● **To do**
For the entries below, the result should be an exact transcription of the lines from the one with "Blocks table - Toys*" up to and including the one with "A BIG fAT LIST", and only those.

● **Material to process**
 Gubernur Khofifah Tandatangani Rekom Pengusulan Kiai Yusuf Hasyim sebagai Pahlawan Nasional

==

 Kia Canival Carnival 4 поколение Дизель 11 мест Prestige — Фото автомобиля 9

---

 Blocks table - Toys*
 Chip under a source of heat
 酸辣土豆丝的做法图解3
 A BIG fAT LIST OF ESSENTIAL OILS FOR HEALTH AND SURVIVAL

● **Exercise result**
 Blocks table - Toys*
 Chip under a source of heat
 酸辣土豆丝的做法图解3
 A BIG fAT LIST OF ESSENTIAL OILS FOR HEALTH AND SURVIVAL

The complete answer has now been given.